After streamlining the SugarCRM interface and implementing mobile capability, the company began to improve, posting a 20 percent increase in revenue in the final quarter of 2010. As of August 2011, the year-to-date sales had jumped 152 percent from the year-ago total. While the CRM overhaul was the shot in the arm that USA Fact needed, "a daily investment of consistency and integrity" kept the company growing, Davidson says.
Challenge 2: Maintaining Profitability
For many small businesses, staying profitable means striking a balance between cost-cutting and investing. Leslie Ament, vice president of Hypatia Research, says, "If companies want to grow, at some point they need to start automating processes and creating consistencies." However, the questions can get sticky: When? How? By how much? Ament explains, "For companies with up to 25 employees, it's possible to do everything manually, but this may shift focus away from higher productivity issues. It's a choice that an organization has to make in alignment with its budget."

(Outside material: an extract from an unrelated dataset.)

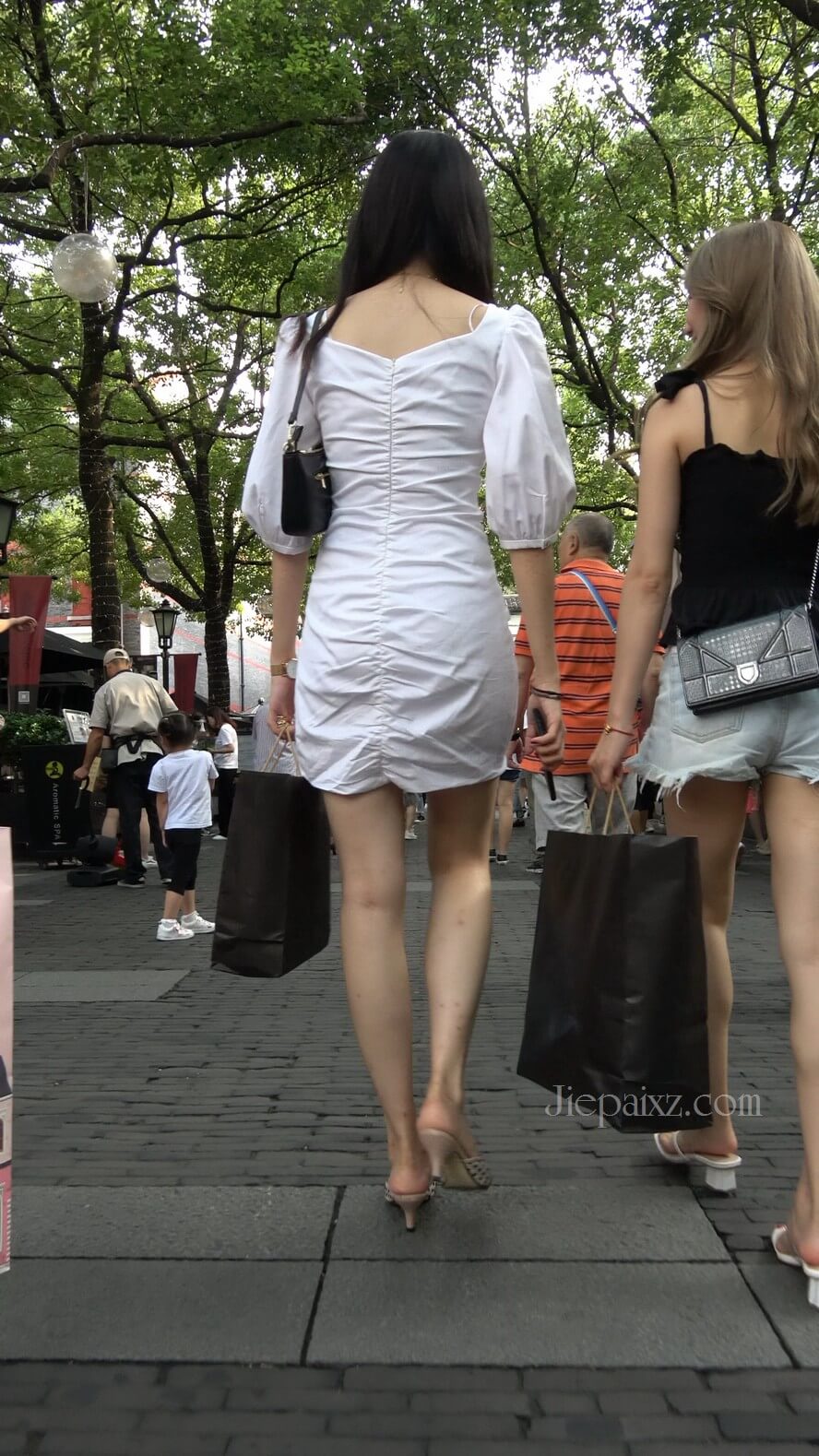 06.JPG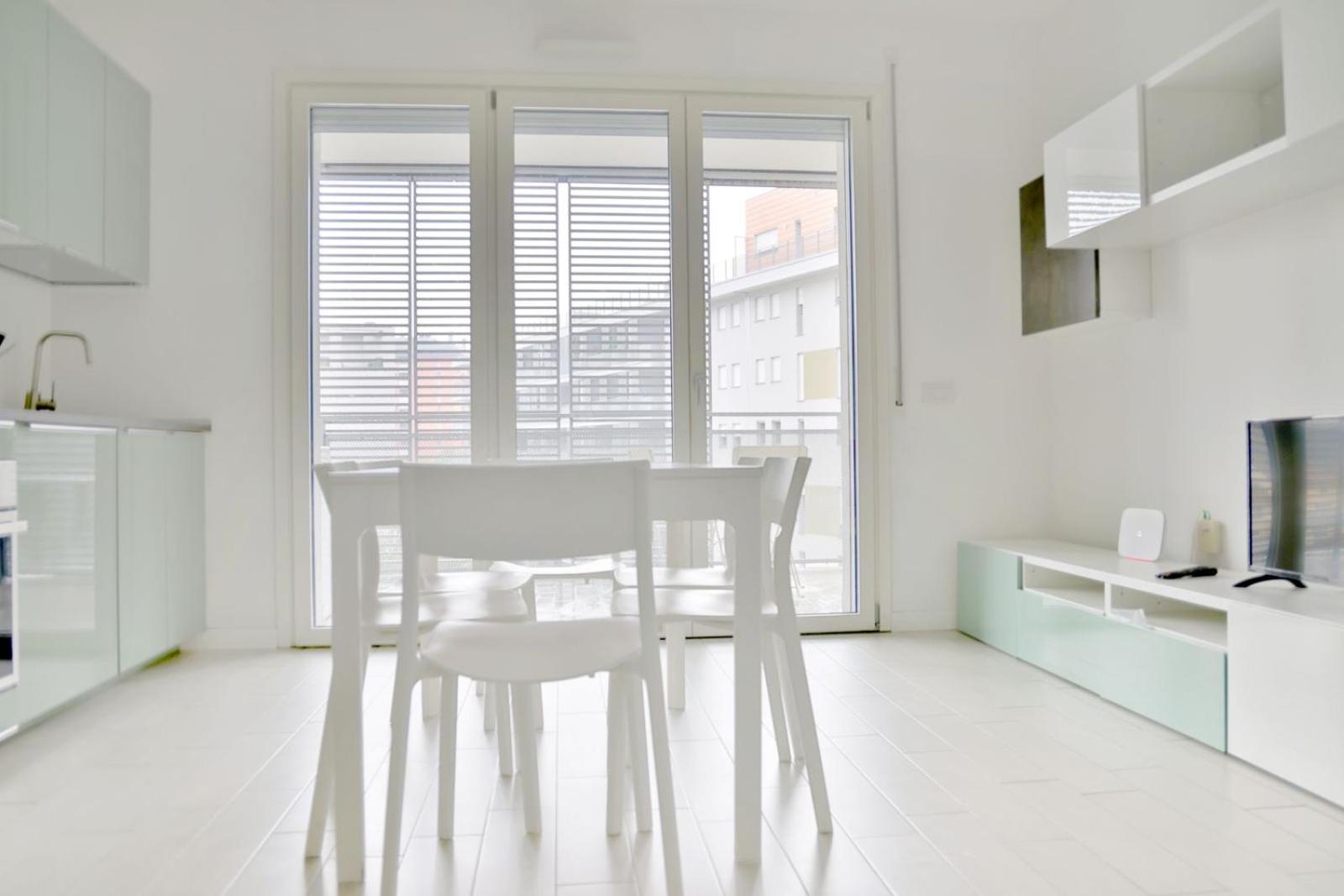 Luxury 3 Bedroom Apartment 100 Mq Next To Rho Fiera And San Siro Milano Eksteriør bilde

Social Media Link (SML), a young social media management agency, recently faced such a choice. Composed of only four employees, the agency was well under Ament's 25-person threshold. With offices in both Minneapolis and Chicago, SML needed a streamlined approach to information sharing.
A tight budget for tech investment forced the agency to share one license to High Rise CRM among all four employees. At $50 a month per user, SML couldn't afford to upgrade, but the common login created confusion. "We couldn't see who was making which updates to the system," co-president Daniel Pesis explains.
Pesis's company switched in July 2011 to Nimble because of its zero-dollar price tag. "We did our research, but in the end, there was no reason not to try something that was free, and we loved it." SML now uses Nimble's contact management features to interact with vendors and track leads, a function that Pesis says was eye-opening.
"When we first migrated our contacts into the system, we saw leads that we hadn't followed up with for a whole year. That transparency is really invaluable," Pesis notes. The switch to Nimble's free, easy-to-use tools was ideal for SML this year, but Pesis says that if the company ever outgrows the functionality, he's happy to pay up: "If we paid a little bit a month for a lot more service, I don't see why we wouldn't upgrade. But we're always looking to manage costs. I think every startup is."
For companies with more advanced needs, a free solution might not be practical. Analysts note that some low-cost solutions are available .
In a similar scenario, ArcSource, a 12-year-old company with 15 employees, no longer could afford its Salesforce.com subscription. So ArcSource switched to Zoho CRM for one-sixth of the price, which in turn allowed the company to add subscribers, improve customer tracking, and free up budgetary spending for more features, including invoicing, project managing, and direct marketing tools. David Monk, CEO of ArcSource, estimates that his company's invoice creation time diminished by 75 percent, and it has seen a $120,000 return on a $1,000 direct-mail campaign.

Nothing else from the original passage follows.